I want to build a Rust project with some dependency on the Linux server. Because the Linux server can not access internet, I run the cargo build
command on the OSX laptop and download the dependency source file to the .cargo
directory and then copy these files to the Linux server and put them into /root/.cargo
directory.
I made the file structures the same, but when I run cargo build
on the Linux server, it still tries to connect to this website and the build fails. The cargo build
command always tries to connect internet although the dep source files are already in the .cargo
directory.
How can I build a Rust project with dependencies in an offline environment? Why does copying the source file of the dependencies not work?
Good News! As of Rust 1.37, you can use Cargo's own vendor
command to download and bundle your crate's dependencies in the crate itself:
First, run cargo vendor
. This will setup a new directory named vendor
in the root of your crate. It will then download dependencies from crates.io and git, and store them in this new directory.
When cargo vendor
is done downloading all the required dependencies, it will print a set of instructions that you'll need to follow. At the time of this writing, you only need to copy a few lines to .cargo/config.toml
. Note that config.toml
is relative to the root of your crate and is not the one in your home directory.
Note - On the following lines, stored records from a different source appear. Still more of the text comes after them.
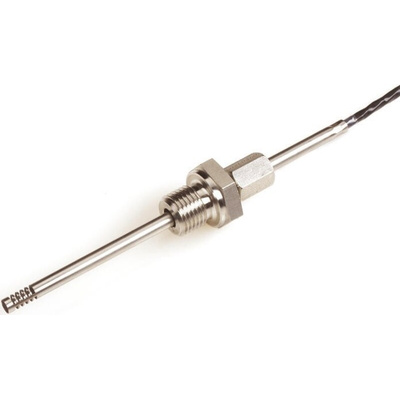 Electrotherm PT100 RTD Sensor, 4.5mm Dia, 120mm Long, G1/4, F0.3 +200°C Max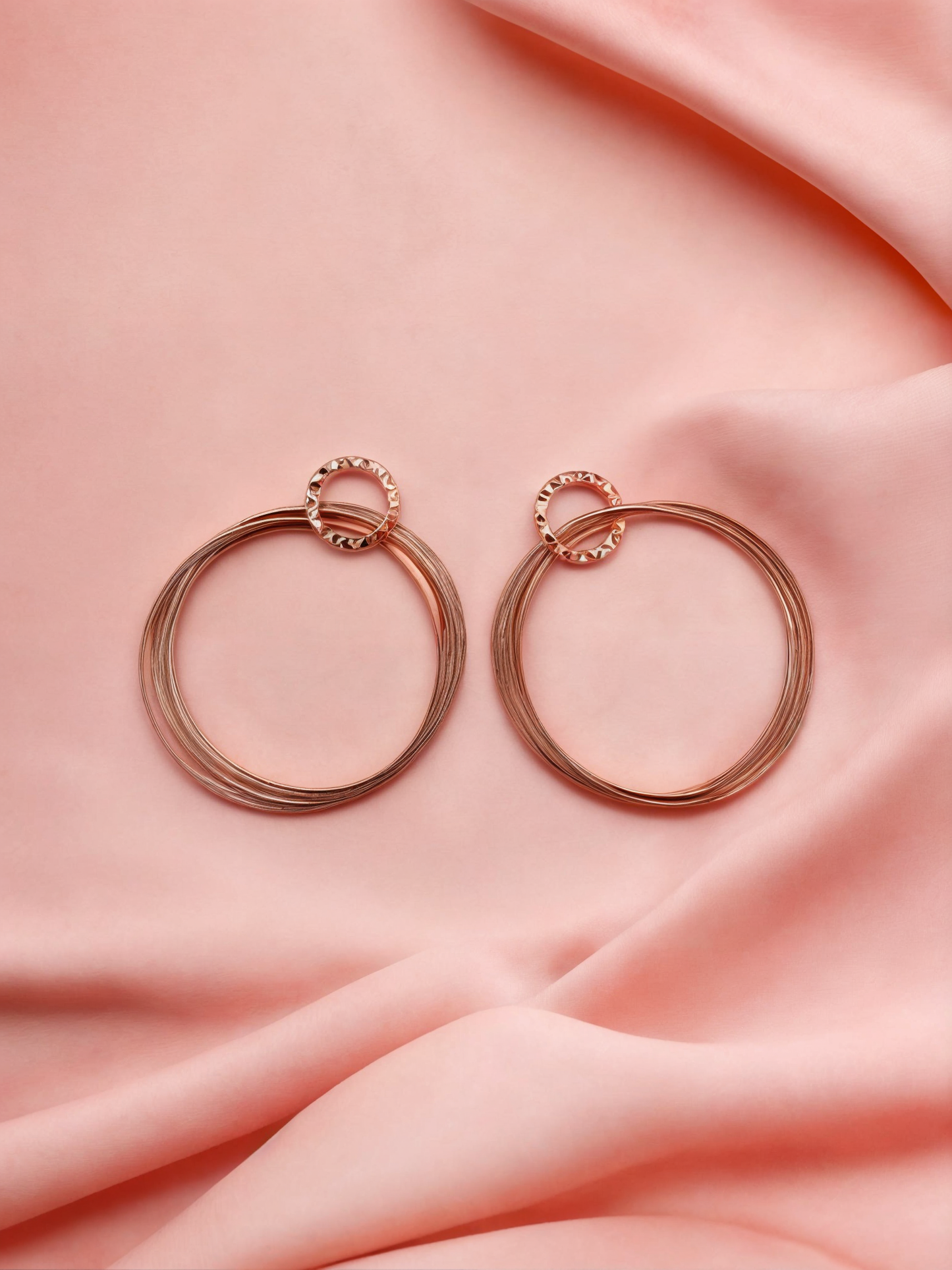 Gold Plated Thin Wire Hoops Earrings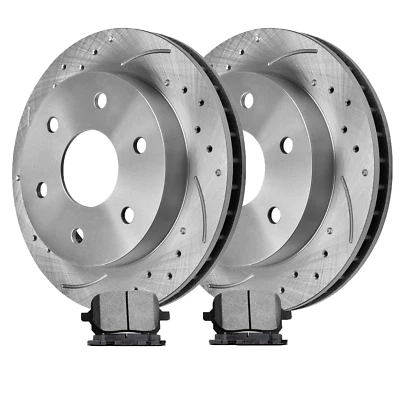 For GMC K1500 Suburban 1992-1999 11.6in 6-lug Front Disc Rotors + Brake Pads Foto 1 de 4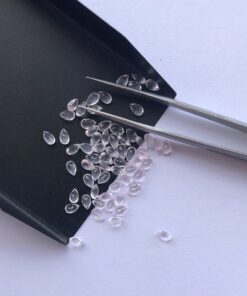 4x5mm Natural Rose Quartz Pear Cut Gemstone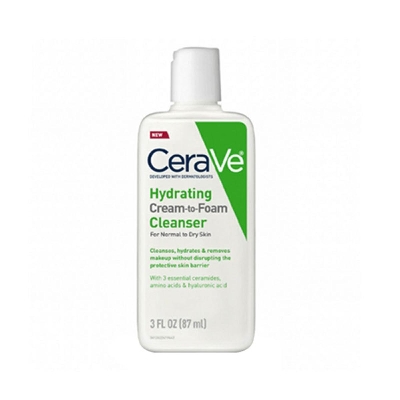 Picture of Cerave Hydrating Cream To Foam Facial Cleanser Normal to Dry Skin - 87ml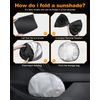 Foldable Windshield Sun Shade Cover Front Window Sun Visor For Ford Ford EDGE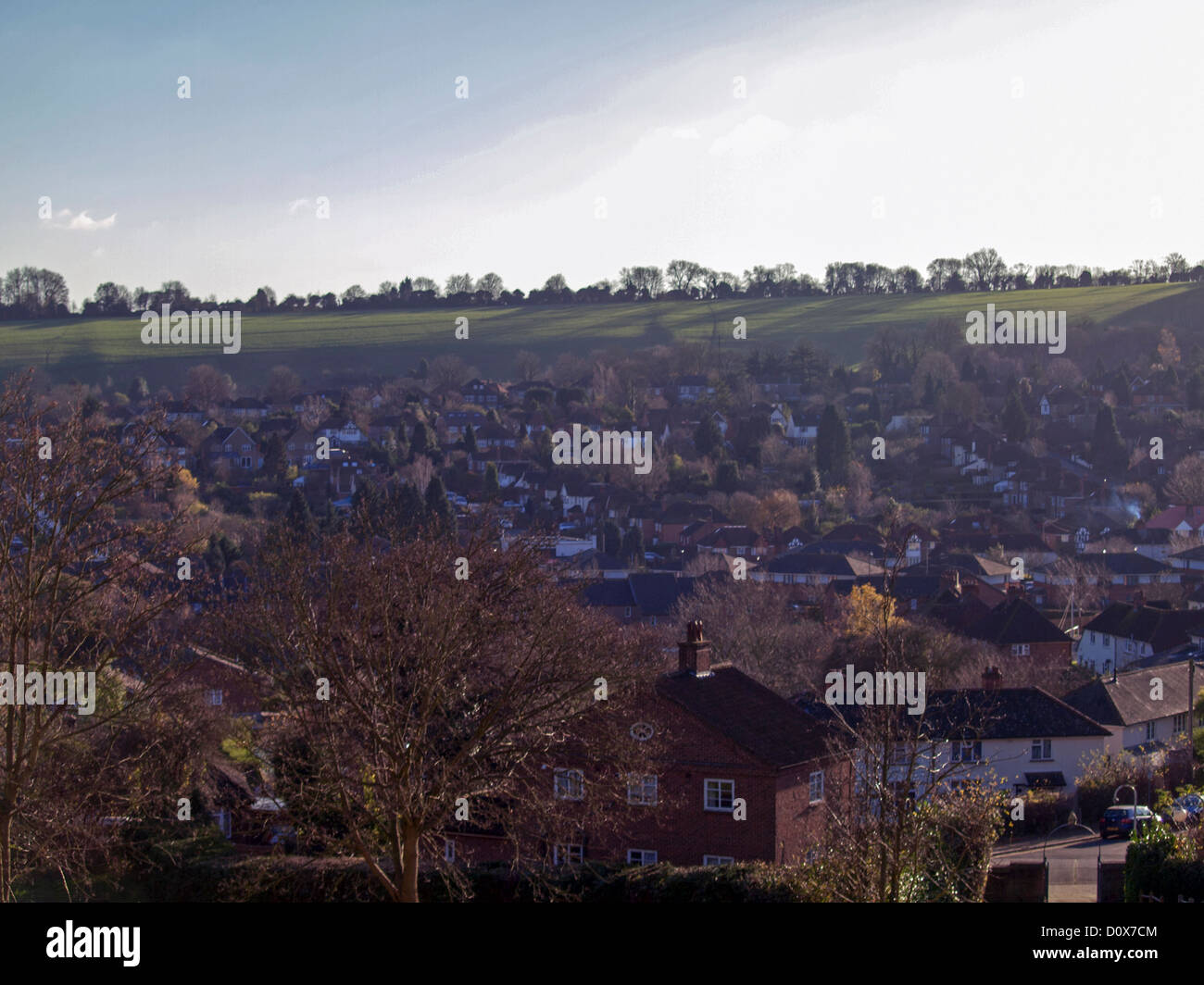 Aerial View Of Guildford From Cathedral Hill Showing Park Barn In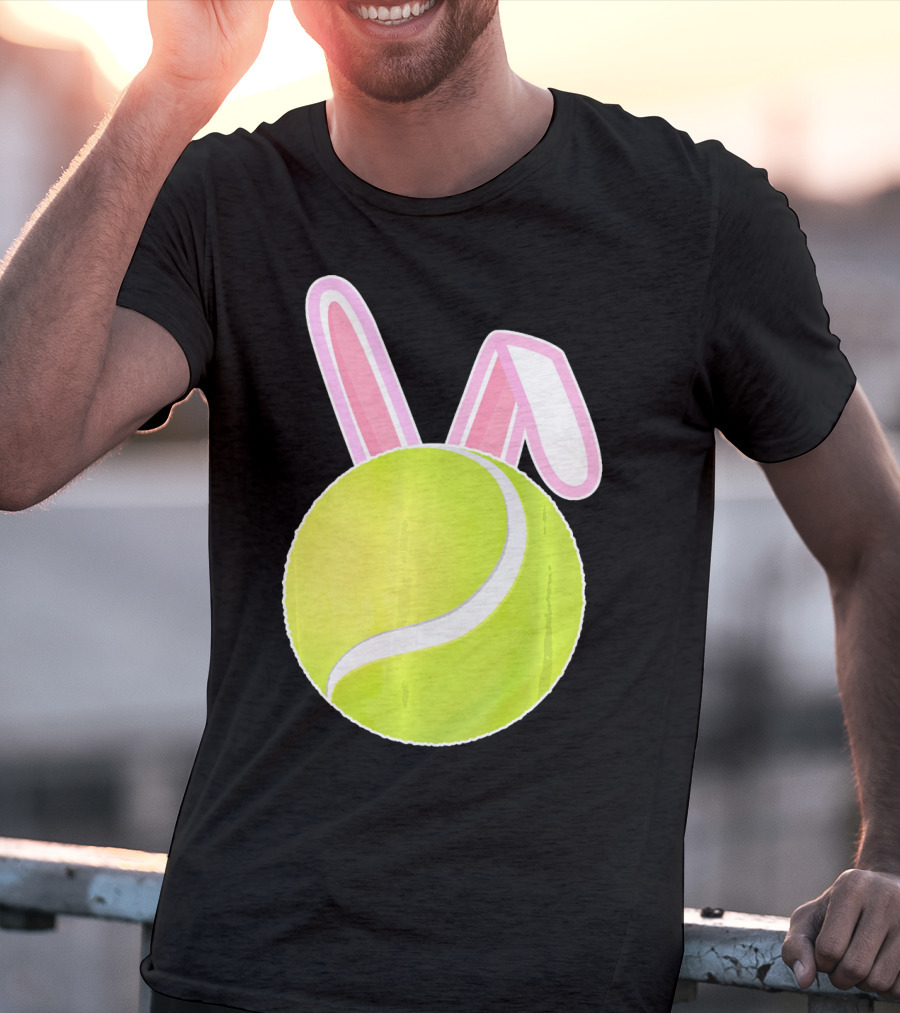 Tennis Ball With Easter Bunny Ears T-Shirt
Once you're done, your crate will be completely self-contained as far as dependencies are concerned. You can couple this approach with Rust's offline installers to build Rust programs completely offline.
For Rust 1.37+ see: https://stackoverflow.com/a/65254702/147192
The short answer is: up to 1.37 (excluded), it's complicated.
The long answer is that cargo
will attempt to connect to github
in order to check the index of the crates that the Cargo.toml
file references.
I recommend you to check the cargo-vendor prototype to solve this issue (by aturon, a member of the Rust tooling subteam), and otherwise you could look at how some people created a mirror for crates.io in order to avoid the dependency on Internet.
There is a demand for Rust builds not to require Internet, and people working on it, however there is no blessed solution for now.